── Supplied records

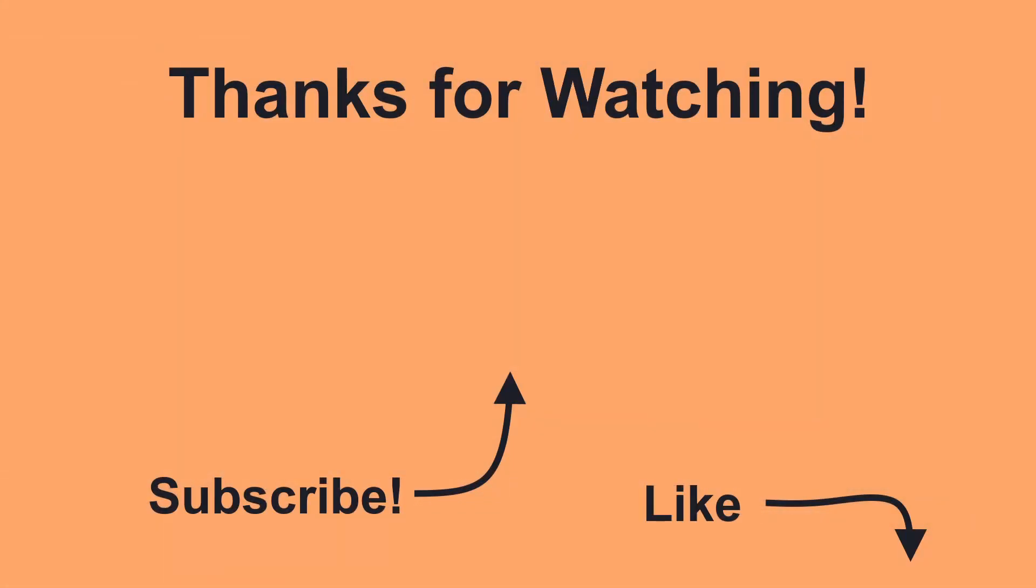Thank you for watching. If you liked the video, please consider liking and subscribing so YouTube can recommend more from me in the future.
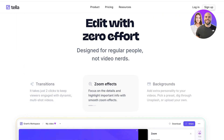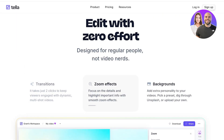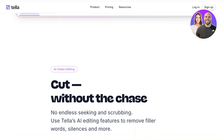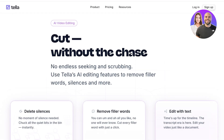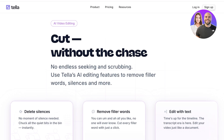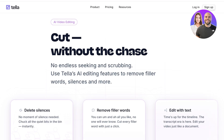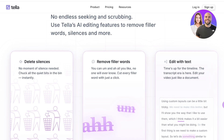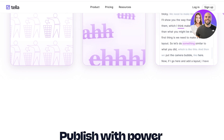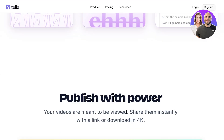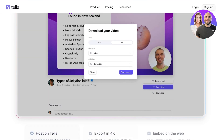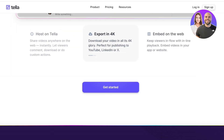You have transitions, zoom effects, and backgrounds that can be added. There is an amazing AI-powered video editing tool in Tella — you can delete silences using AI, remove filler words with AI, and edit with text as well. This is going to reduce the time you spend on video editing. So let's get started with Tella.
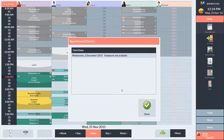A message has come up telling us that there's a clash on the 2nd of December. This means that the employee is unavailable at that time and therefore Claire's appointment has not been booked in. We'll need to address this with Claire and find another suitable time for her appointment that day.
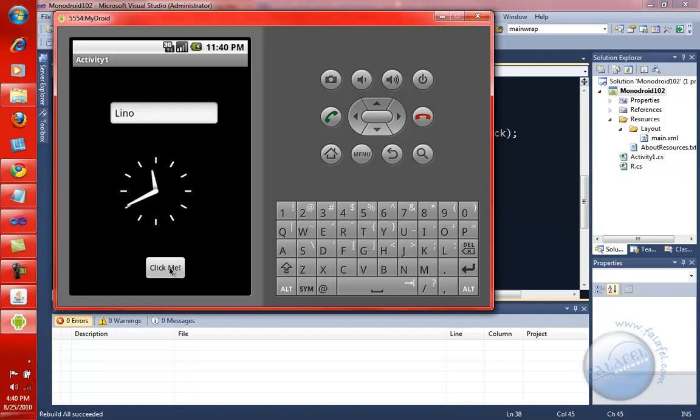There you go. And if we clicked on this guy and it says Hello, MonoDroid, we've done something right. All right, folks. Hopefully, that was useful to you to see. And it's pretty simple to write applications now using C Sharp for MonoDroid. And I hope you enjoyed this. And see you soon with another video for MonoDroid.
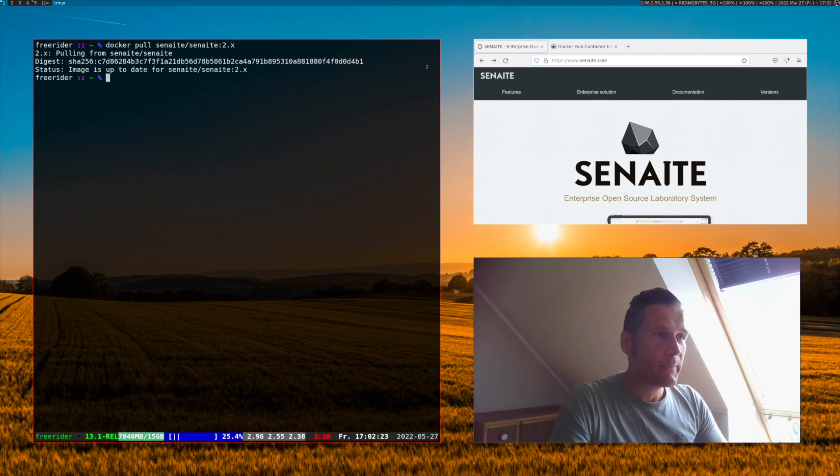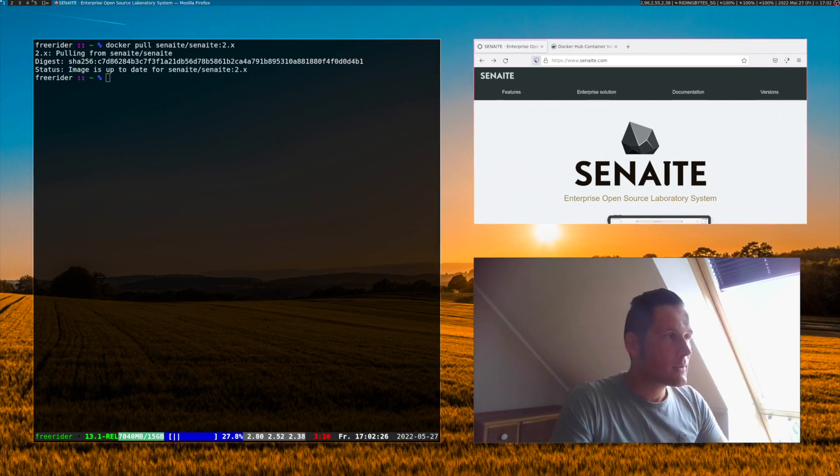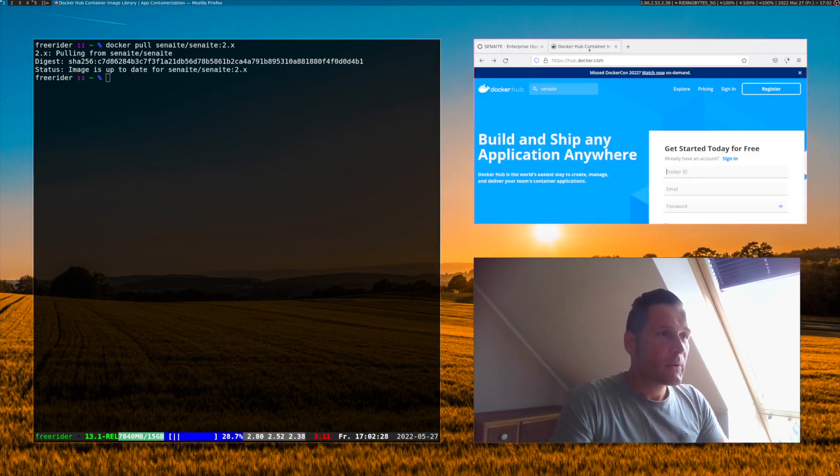Eventually we have it already. So there are no updates here. Everything is fine.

────

Aim of the exercise –
From the first line of the records through the line containing "A message has", please output exactly those lines and nothing more, leaving out the pictures.

Exercise answer –
Thank you for watching. If you liked the video, please consider liking and subscribing so YouTube can recommend more from me in the future.
You have transitions, zoom effects, and backgrounds that can be added. There is an amazing AI-powered video editing tool in Tella — you can delete silences using AI, remove filler words with AI, and edit with text as well. This is going to reduce the time you spend on video editing. So let's get started with Tella.
A message has come up telling us that there's a clash on the 2nd of December. This means that the employee is unavailable at that time and therefore Claire's appointment has not been booked in. We'll need to address this with Claire and find another suitable time for her appointment that day.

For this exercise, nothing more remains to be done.